Clostridium difficile is the most frequent infectious cause of nosocomially acquired diarrhea in North America and accounts for the majority of cases of antimicrobial-associated colitis (2, 11, 25). C. difficile-associated disease (CDAD) arises primarily in patients who are currently receiving or who have recently received antimicrobial therapy. CDAD prolongs hospital stays and increases patient costs (12). Management of patients with CDAD includes discontinuation of predisposing antimicrobial agents, if possible, as well as supportive therapy, and empirical therapy with either metronidazole or oral vancomycin if initial measures fail to alleviate symptoms. Metronidazole and vancomycin are effective at treating CDAD; however, both agents have been associated with treatment failure and recurrence rates of approximately 20% (6, 14, 15, 18). Vancomycin use is widely discouraged in an effort to minimize the potential emergence and spread of vancomycin resistance in enterococci and staphylococci (10). Metronidazole use has been associated with significant side effects, including nausea, a disulfiram reaction, and peripheral neuropathies with prolonged treatment (6).

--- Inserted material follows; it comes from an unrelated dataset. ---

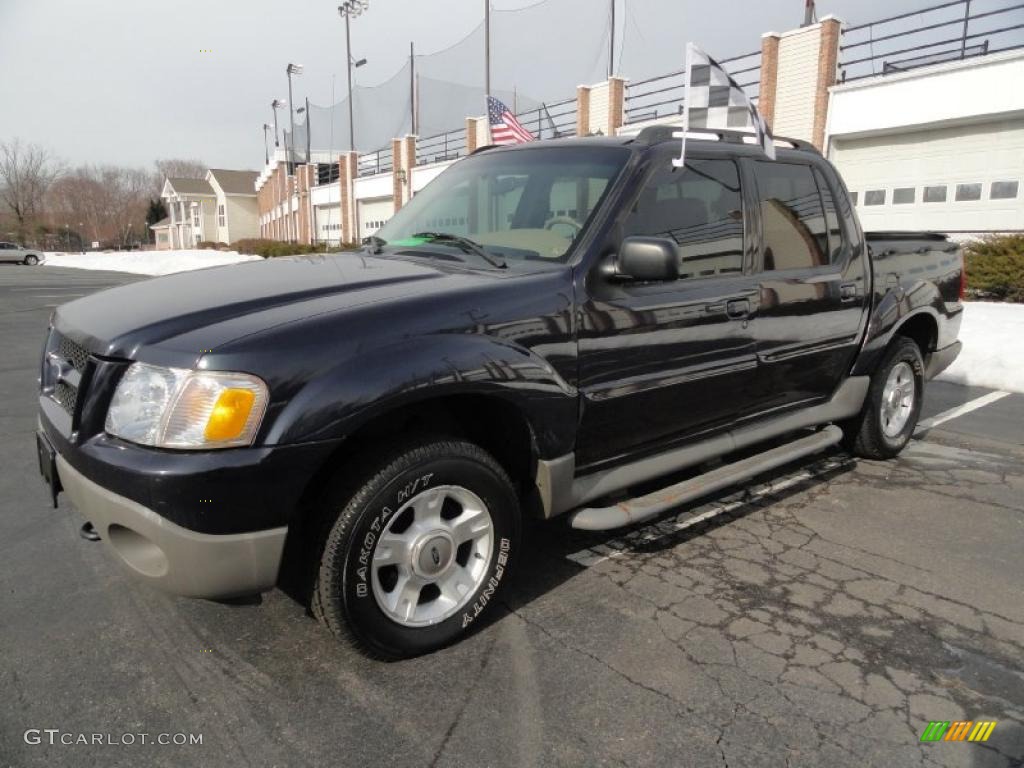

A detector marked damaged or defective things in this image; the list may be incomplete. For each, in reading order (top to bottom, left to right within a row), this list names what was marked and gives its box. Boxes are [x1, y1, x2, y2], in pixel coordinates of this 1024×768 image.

cracked pavement [2, 268, 1024, 765]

OPT-80, also known as PAR-101 (Optimer Pharmaceuticals, Inc., San Diego, CA), is an investigational agent that is being developed for the treatment of CDAD (1, 5, 7, 13, 22, 23, 24). The chemical structure of OPT-80 has been published previously (5, 22). OPT-80 is a narrow-spectrum agent reported to be selectively active against gram-positive anaerobes including Clostridium spp., particularly C. difficile and C. perfringens (1, 22, 24); to be less active against gram-positive, non-spore-forming bacilli (e.g., Propionibacterium spp. and lactobacilli) and peptostreptococci (5); and to be poorly active against anaerobic gram-negative bacilli (7). OPT-80's spectrum of activity also includes staphylococci and enterococci, with poor activity against streptococci and aerobic and facultative gram-negative bacilli (7). OPT-80 acts by inhibiting RNA polymerase-mediated transcription but, unlike rifampin, preferentially inhibits holoenzyme transcription at a much higher rate than that at which it inhibits the transcription of core enzyme (8, 17, 19, 21). OPT-80 is bactericidal, with a low propensity for resistance development (frequency, <2.8 x 10–8 at four and eight times the MIC) (22).

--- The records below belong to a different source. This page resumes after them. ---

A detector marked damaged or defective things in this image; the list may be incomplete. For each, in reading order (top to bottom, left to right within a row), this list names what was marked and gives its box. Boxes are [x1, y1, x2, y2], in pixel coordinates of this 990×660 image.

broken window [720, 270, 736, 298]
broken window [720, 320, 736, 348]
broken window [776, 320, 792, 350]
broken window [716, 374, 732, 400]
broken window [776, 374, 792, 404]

Currently, most clinical microbiology laboratories do not routinely culture diarrheal stools for C. difficile or perform antimicrobial susceptibility testing on such isolates because of the time requirement, complexity, and expense of these procedures. However, because the inadequacy of current empirical therapies may be increasing and as the epidemiology and pathogenicity of C. difficile evolve (18), periodic or routine surveillance of clinical isolates to determine their in vitro susceptibility profiles and studies determining the activities of investigational agents such as OPT-80 seem warranted. The purpose of the current study was to assess the in vitro activities of OPT-80 against a recent collection of 208 toxin-producing clinical isolates of C. difficile.

Bacterial isolates studied. Two hundred eight isolates of C. difficile from diarrheal toxin-positive stool specimens were cultured on Clostridium difficile moxalactam norfloxacin (CDMN) Selective Supplement agar (Oxoid Canada, Nepean, Ontario, Canada) following a 95% ethanol shock step (equal volumes of stool and 95% ethanol, gently mixed at 22 to 25°C for 1 h). Toxin production was determined using either the Triage Toxin A C. difficile panel enzyme immunoassay (Biosite Diagnostics, San Diego, CA) or the C. difficile Toxin/Antitoxin tissue culture assay (TechLab, Blacksburg, VA). All stool samples were collected from patients admitted to or seen at 1 of 2 urban tertiary-care teaching hospitals, 8 urban community hospitals, or 10 rural hospitals in the province of Manitoba, Canada, from January to April 2007. Each isolate's identity was confirmed by Gram staining, typical odor, latex agglutination (Microgen Bioproducts Ltd., Surrey, United Kingdom), and chartreuse fluorescence under UV light (16).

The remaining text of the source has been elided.